What you need to do: Repeat all of the data word for word so that only the pictures are missing from the copy.

Available data:
------------------------
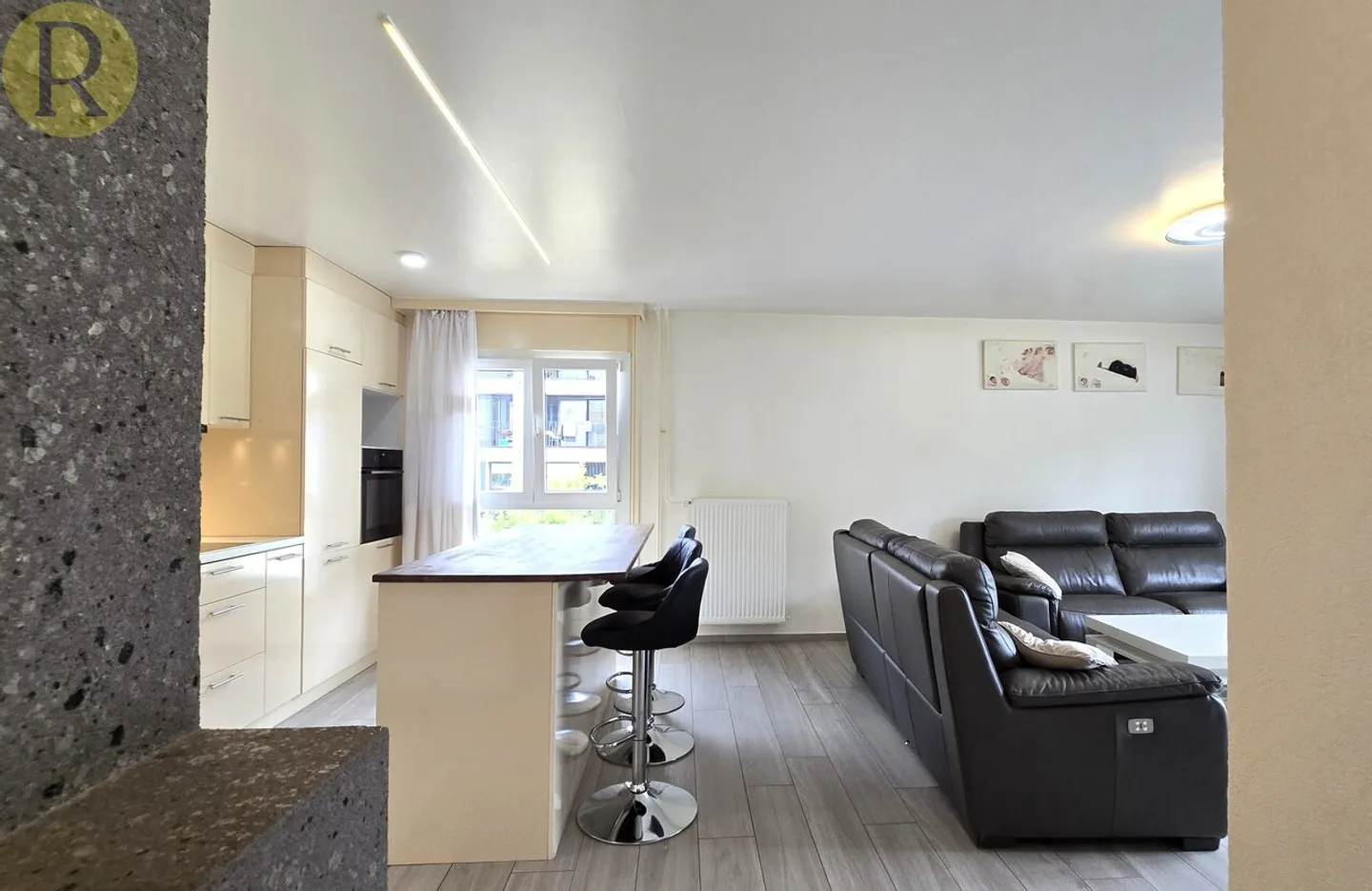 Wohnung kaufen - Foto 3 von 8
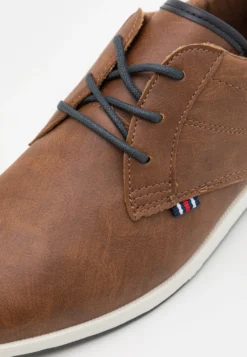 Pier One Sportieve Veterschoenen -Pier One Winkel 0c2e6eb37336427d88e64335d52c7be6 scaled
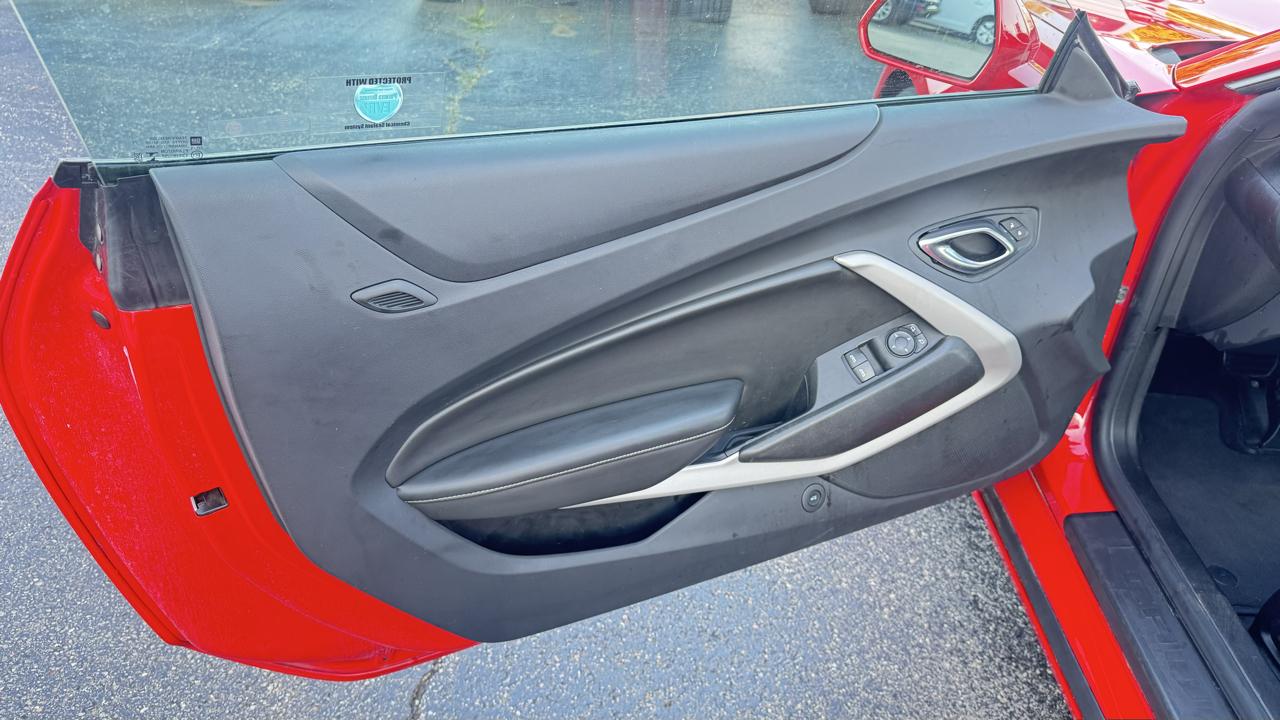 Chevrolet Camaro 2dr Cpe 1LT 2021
------------------------
Written response:
 Wohnung kaufen - Foto 3 von 8
 Pier One Sportieve Veterschoenen -Pier One Winkel 0c2e6eb37336427d88e64335d52c7be6 scaled
 Chevrolet Camaro 2dr Cpe 1LT 2021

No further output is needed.